By Ikenna Omeje
Out of $13.22 million service charges and energy invoices issued to Benin Republic, Niger and Togo for electricity received by Market Operator and the Nigerian Bulk Electricity Trading PLC respectively, both countries only paid $6.66 million in the first quarter of 2020, the Nigerian Electricity Regulatory Commission (NERC) has said.
According to NERC in its first quarter 2020 report released recently, Niger made a payment of N1.6 billion ($5.27 million) as part of its outstanding bills for energy received while Benin Republic paid N0.43 billion ($1.39 million).
The report noted that the special customers — Ajaokuta Steel Company and its environs – did not make any payment in respect of N0.27 billion and N0.05 billion invoices issued by NBET and Market Operator respectively.
“It is noteworthy that the payment cycle for March invoices fell within the period of the outbreak of COVID-19 pandemic and the resultant macroeconomic impact of the policies to curtailing its spread in Nigeria have added to the challenge of low remittance to the market. The severity of the liquidity challenge in NESI (Nigerian Electricity Supply Industry) was reflected in the settlement rates of the service charges and energy invoices issued by MO and NBET respectively to each of the DisCos …, as well as the non-payment by the special and international customers for the services rendered by MO.,” the report said.

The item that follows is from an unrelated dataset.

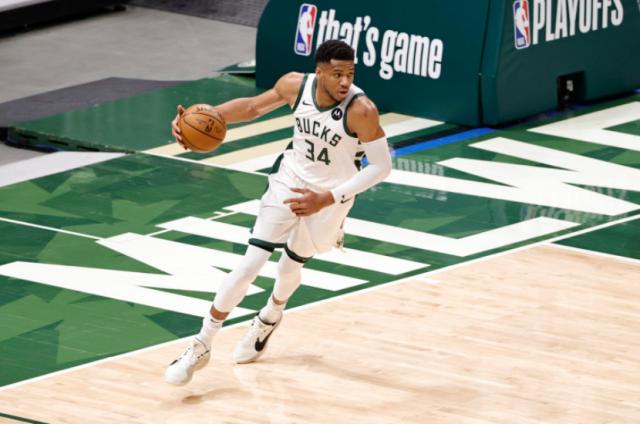 世界杯晋级规则-22记穿云箭击穿热火防线 雄鹿三分复苏统治G2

It explained: “During the quarter under review, the special customers (Ajaokuta Steel Co. Ltd and its environs) did not make any payment in respect of the N0.27billion and N0.05billion invoices issued by NBET and MO respectively. A total of N4.05billion (US$13.22million) invoices were issued by MO to international customers (i.e., Societe Nigerienne d’electricite – NIGELEC, Societe Beninoise d’Energie Electrique – SBEE and Energie Electrique – SBEE and Compagnie Energie Electrique du Togo – CEET). During the quarter, NIGELEC made a payment of N1.61billion (US$5.27million) as part of its outstanding bills for the energy received from NBET and services rendered by MO. Similarly, SBEE paid N0.43bilion (US$1.39million) in respect of services received from MO.
“It is noteworthy that tariff shortfall (represented by the difference between actual end-user tariffs payable by consumers and the cost-reflective rates approved by NERC) has partly contributed to liquidity challenges being experienced in the industry.”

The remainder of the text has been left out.